Diagnosis is based on symptoms and possibly genetic testing. Most babies with Angelman syndrome don’t show signs or symptoms at birth. The first signs of Angelman syndrome are usually developmental delays, such as lack of crawling or babbling, between 6 and 12 months. Seizures often begin when a child is between 2 and 3 years old. Developmental delays, such as the lack of crawling or babbling, and intellectual disability, speech impairment, lack or minimal use of words, inability to walk, move or balance well (Ataxia), behavioral uniqueness, short attention span are all a part of this syndrome. Children with Angelman syndrome typically have a happy, excitable demeanor with frequent smiling, laughter, and hand-flapping movements. Hyperactivity, a short attention span, and a fascination with water are also common. Most affected children have difficulty sleeping and need less sleep than usual. With age, people with Angelman syndrome become less excitable, and the sleeping problems tend to improve. However, affected individuals continue to have intellectual disability, severe speech impairment, and seizures throughout their lives. Adults with Angelman syndrome have distinctive facial features that may be described as “coarse.” Other common features include unusually fair skin with light-colored hair and an abnormal side-to-side curvature of the spine (Scoliosis). The life expectancy of people with this condition appears to be nearly normal.

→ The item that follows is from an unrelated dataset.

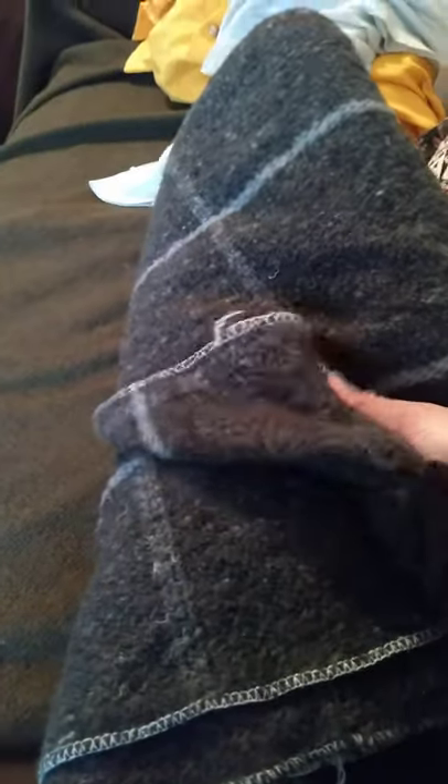This is my inmate blanket. This is made from U.S. jail supplies. It's a wool and polyester material. It has this checkerboard kind of look to it. It is not comfortable at all. You can tell that you're in jail when you're using this blanket. It's rough against the skin.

How can a Therapist Help with Angelman Syndrome?

Like mentioned above these are some of the main complications associated with Angelman Syndrome. Anyone who has Angelman Syndrome can benefit from a variety of therapies such as Speech Therapy, Occupational Therapy and Physical Therapy. 

    • Feeding difficulties- Difficulty in coordinating sucking and swallowing may cause feeding problems in infants. Your pediatrician may recommend a high-calorie formula to help your baby gain weight. Occupational therapy and Speech Therapy can work together to help with this. Speech Therapy can work on improving your oral motor muscles in order to improve sucking and swallowing. Occupational Therapy can look at various pieces of feeding equipment that best fit ones needs at the time.

    • Hyperactivity- Children with Angelman syndrome often move quickly from one activity to another, have a short attention span, and keep their hands or a toy in their mouths. Hyperactivity often decreases with age, and medication usually isn’t necessary. Occupational therapy can work on this and come up with strategies that best fit the individual to help decrease the hyperactivity and provide certain activities that help fulfill ones sensory needs.

    • Sleep disorders- People with Angelman syndrome often have abnormal sleep-wake patterns and may require less sleep than most people. Sleep difficulties may improve with age. Medication and behavior therapy may help control sleep disorders. Occupational Therapy can help with the behavior therapy and work on creating a sleep schedule/routine that works best for the individual. 

    • Curvature of the spine (Scoliosis) – Some people with Angelman syndrome develop an abnormal side-to-side spinal curvature over time. Both Physical Therapy and Occupational Therapy can address this by providing stretching and exercising techniques as well as posture control in various situations to help improve the scoliosis and to further prevent more curvature.